Investment Strategies

There's More To ETFs Than Meets The Eye

Tom Burroughes Editor London 30 October 2008

There's More To ETFs Than Meets The Eye

Another acronym has been added to the alphabet soup of terms in the wealth industry in recent years – ETFs, or exchange traded funds. But just as this term gained popular currency, it might be necessary to replace “ETF” with another acronym as the sector rapidly expands in sometimes confusing ways.

Barclays Global Investors – the world’s biggest provider of ETFs via its iShares brand - reckons that a more appropriate term for that industry should be exchange traded products (ETPs), since not all exchange-listed vehicles are funds, and carry different structures and can come with varying tax treatments and importantly with varying  risks. Eleanor Hope-Bell, head of wealth management sales at iShares, explained to WealthBriefing some of the issues in the market.

BGI is, understandably, an evangelist about the sector in which it is such a large player. It recently launched an education programme about the market under the tagline “Not all ETFs are created equal” in a move to promote use of these instruments, show how they work and how they differ.

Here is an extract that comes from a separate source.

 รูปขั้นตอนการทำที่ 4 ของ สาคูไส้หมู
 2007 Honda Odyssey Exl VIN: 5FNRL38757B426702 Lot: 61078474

The profusion of terms can certainly cause confusion. As well as exchange traded funds, there are exchange traded notes (ETNs) and exchange traded commodities (ETCs). ETNs are debt instruments and are not funds, but they do share several characteristics with ETFs, as both structures are linked to the return of a benchmark index and trade on exchanges. The value of ETNs will also be affected by the counterparty’s debt credit rating. Exchange traded commodities are ETNs and specifically track indices of commodities or single commodities such as gold.

Not all products starting with the words “exchange traded” are the same, either in how they are composed or what sort of risks investors may run. With ETFs, a market that has been running since the early 1990s, they take two main forms: physical ETFs and swap-based ETFs.

A physical ETF, sometimes also called a cash-based ETF or an in-specie ETF, holds a basket of assets, such as equities, that are in the index.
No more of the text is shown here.